E passiamo ai fatti-segnale, che conviene elencare:

– assoluzione dei funzionari del Tesoro e di Morgan Stanley nel processo d’appello alla condanna da parte della Corte dei Conti per oltre 3 miliardi;

– nomina del nuovo direttore generale di Banca d’Italia;

– abbandono, di fatto, della proposta di nazionalizzazione di Banca d’Italia;



– approvazione da parte del Senato di una mozione annacquata sulla proprietà delle riserve auree;

– depotenziamento della Commissione di inchiesta sulle banche.

A questi va aggiunto il non-fatto di fondo: non si parla più di lasciare l’euro. I paladini dei vantaggi del no-euro sono stati ragionevolmente commissariati dal loro capitano, che fiuta il vento contrario dell’elettorato sul tema.

Esiste poi un denominatore comune: Mario Draghi. Probabilmente dovrà essere chiamato a salvare l’Italia, non appena la situazione economico-finanziaria esploderà, oppure, semplicemente tornando in Goldman Sachs, potrà favorire il sostegno della finanza internazionale a un nuovo Governo tecnico. 



In ogni caso, l’obiettivo è garantire il mostruoso flusso di risorse verso il sistema finanziario costituito dagli interessi sul debito pubblico e il costo dei derivati, circa 70 miliardi annui. Solo l’assoluzione di Cannata, Siniscalco, Grilli e La Via consente ora di non preoccuparsi di una possibile estensione delle responsabilità a chi dirigeva il Tesoro al tempo dei fatti. Rimane, come un dettaglio, la conferma processuale che i dirigenti non conoscessero la portata dei contratti capestro firmati.

La nomina di Panetta, senza il cambiamento annunciato della governance di Banca d’Italia, ne assicura l’indipendenza dal Governo: principio importante in democrazia per la Banca centrale di una nazione, ma il nostro ente non è più istituto d’emissione. L’attuale assetto giuridico ne garantisce il controllo improprio a Intesa Sanpaolo e UniCredit, un riferimento certo per il sistema finanziario.

A questo punto, la proposta di legge di nazionalizzare l’Istituto e ricondurne il patrimonio in ambito – si direbbe oggi – sovrano è stata, di fatto, lasciata cadere affidando solo a una generica mozione di principio del Senato l’affermazione che l’oro delle riserve è degli italiani. Ma tant’è, Draghi ha precisato – invero ha ambiguamente ribadito – che l’oro può essere gestito unicamente in accordo con la Bce.
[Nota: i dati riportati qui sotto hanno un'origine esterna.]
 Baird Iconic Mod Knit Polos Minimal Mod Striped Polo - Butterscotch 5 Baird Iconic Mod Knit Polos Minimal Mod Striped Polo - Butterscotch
Ricordiamo, però, che come conferimento – virtuale, perché parte delle riserve si trova all’estero – i trattati europei assegnano al fondo comune solo un mero 7% delle 2.400 tonnellate. Non è più in agenda argomentare, come ha fatto su questo quotidiano Mario Esposito, che la legge di privatizzazione della Banca d’Italia, a suo tempo fortemente contrastata dai 5 Stelle, andrebbe valutata nel suo profilo di incostituzionalità.
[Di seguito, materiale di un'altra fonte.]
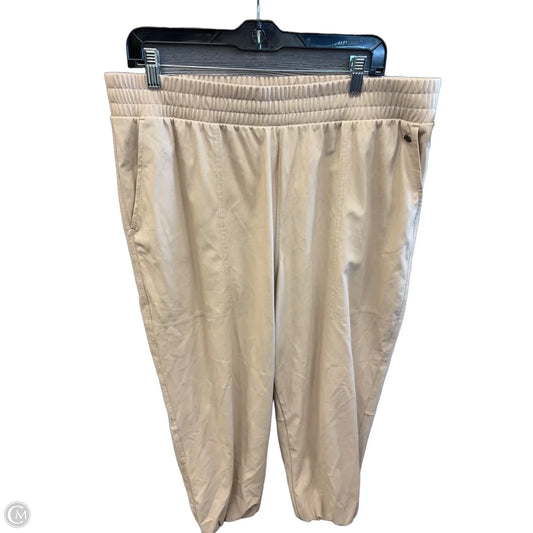 Athletic Pants By Calia In Tan, Size: Xl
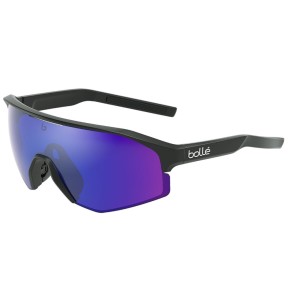 Bolle Lightshifter XL Sunglasses, Black Matte, Brown Blue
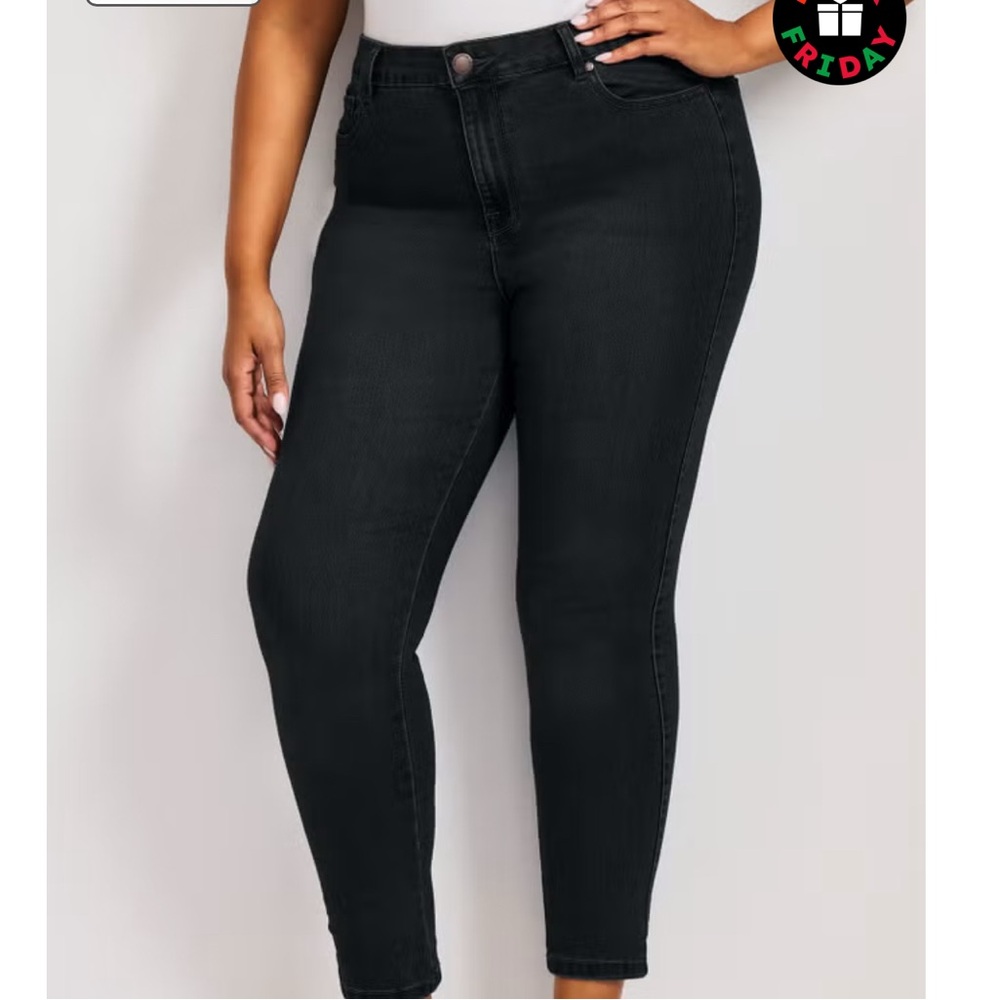 Avenue NWT Butter‎ Denim Black Skinny Jeans Size 30T Tall 32" Inseam 4XL / 52" w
E infine, l’anomala levata di scudi a difesa del sistema bancario, in occasione della nomina della Commissione d’inchiesta sulle banche, da parte persino del mite Mattarella, ha definitivamente sancito che se si toccassero davvero i fili si morirebbe. E questo hanno capito, evidentemente, Salvini, Bagnai, Di Maio, i quali forse lasceranno a un isolato Paragone il compito di individuare dei capri espiatori, ma non certo far emergere verità scomode.

L’importante è che l’euro viva, abbia la garanzia implicita delle riserve auree italiane e che la grande finanza internazionale possa sfruttare l’indebitamento italiano ancora per gli anni a venire.